Kibble is Scotland’s national specialist provider of services for young people. One of Scotland’s oldest charities, and today a leading social enterprise. It provides training for around 500 staff and 40 volunteers at three different sites. Read on to find out more from Fiona Sinclair, Employment Support Service Manager at Kibble.
Tell us about your eLearning journey at Kibble
Our eLearning journey is just beginning, but we hope to revolutionise our training through using this delivery method as part of our extensive training programme. At this stage we are picturing the finished article and planning how to enthuse staff about the place for eLearning in their everyday work.
How do you maintain a consistent approach to Learning?
We’re based in Paisley, Scotland – although we do have three separate sites where eLearning will be undertaken. The online courses will be developed by a team of three, working closely together to ensure each course is consistently suited to its audience as well as to the content. Whilst we want the series of courses to be connected in look and usability we also want each to be able to engage the user on its own merits – staff are likely to be taking a number of courses online so we don’t want them all to have the same format.
What’s your greatest eLearning challenge?
At this point, everything! We’re very excited about the work we are soon to undertake and I believe we will be able to meet our objectives as we have the full support of the HR department and senior management team. I suspect our biggest challenge will be to engage a large and demographically varied staff group.
Where do you get your ideas and inspiration for your role?
As many places as possible – other websites (not always eLearning), text books, TV shows, children’s books (often very creative in the transfer or knowledge), other training we have enjoyed ourselves.
Are volunteer’s part of your L&D strategy and if so how do you gain buy-in when there is no financial incentive for CPD?
Volunteers are very much part of our strategy and our volunteer programme is quite extensive with a rigorous recruitment programme. We find that buy-in from volunteers comes very easily – they know there will be a comprehensive training schedule, which is part of their role anyway, and their expectations of what that will entail are clear at the outset. I think given the nature of the work they are volunteering for i.e. working with vulnerable young people, makes them an enthusiastic bunch anyway!
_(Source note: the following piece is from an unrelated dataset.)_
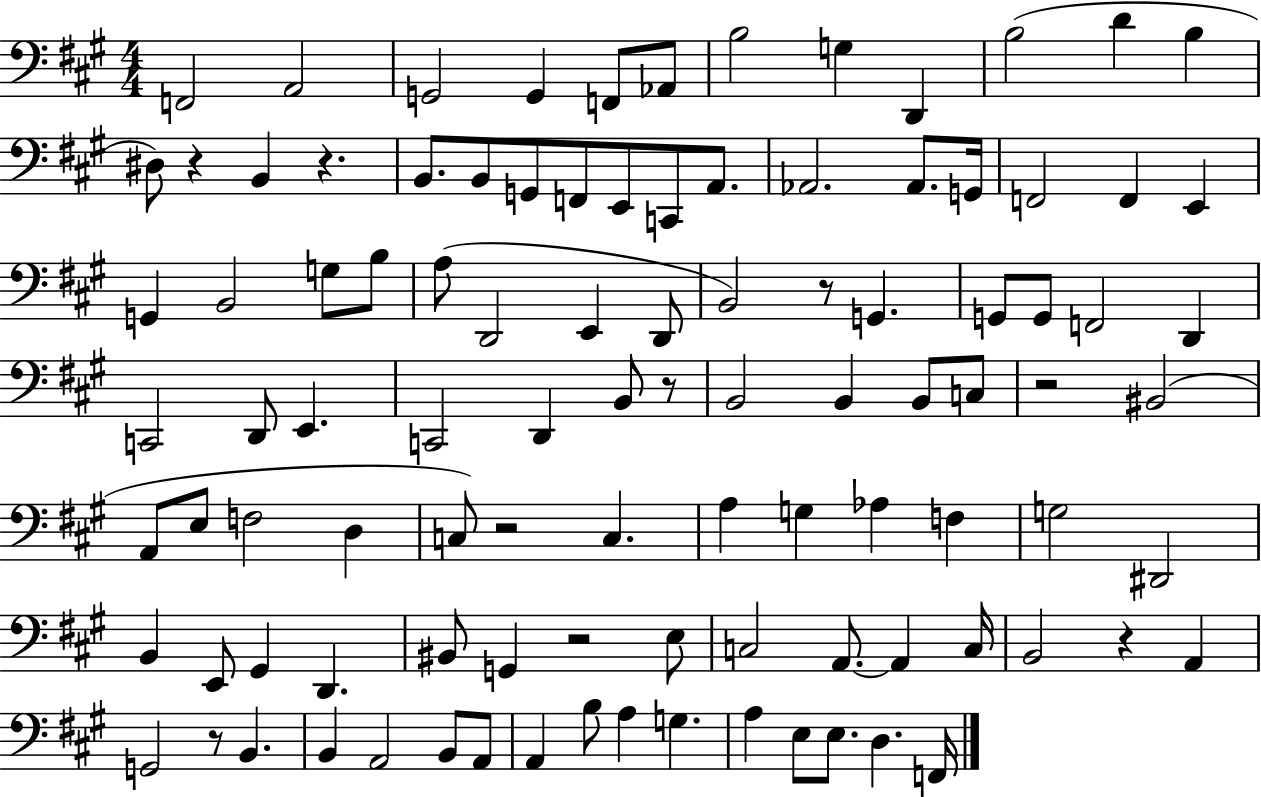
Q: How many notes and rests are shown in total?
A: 101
What learning technologies are catching your eye and why?
We’re just starting to use Articulate Storyline which I am really enjoying. It seems very easy to use, it has loads of methods to convey content, and I particularly like that you can import existing resources from a number of other programmes. I am also very keen to make good use of tablet and smart phone technology in our programmes.
What excites you for the future of eLearning?
Everything! To be able to focus completely on this for the next few months makes it very appealing and working in a small team on a big project should allow us to be as effective as we can throughout the process.
What three tips would you share with others, from your experience?
- Get commitment from the top-down – it’s an expensive and time-consuming business to begin with
- Take advice from The Charity Learning Consortium staff and fellow charity L&D professionals
- Be prepared to fall off the wagon a few times! If you’re a member of the Consortium you’ll find that you’ll get back on more easily if you keep going to their Member Seminars.
What are the benefits of being part of The Charity Learning Consortium?
As well as the above, getting ideas, meeting others who have, or are currently facing, the same problems as you and getting resources from others who are delivering similar training are invaluable. Taking part in the Consortium’s Global Giveback project with Virgin Media is also really exciting – this has great potential to help us, with no financial outlay for the charity whatsoever.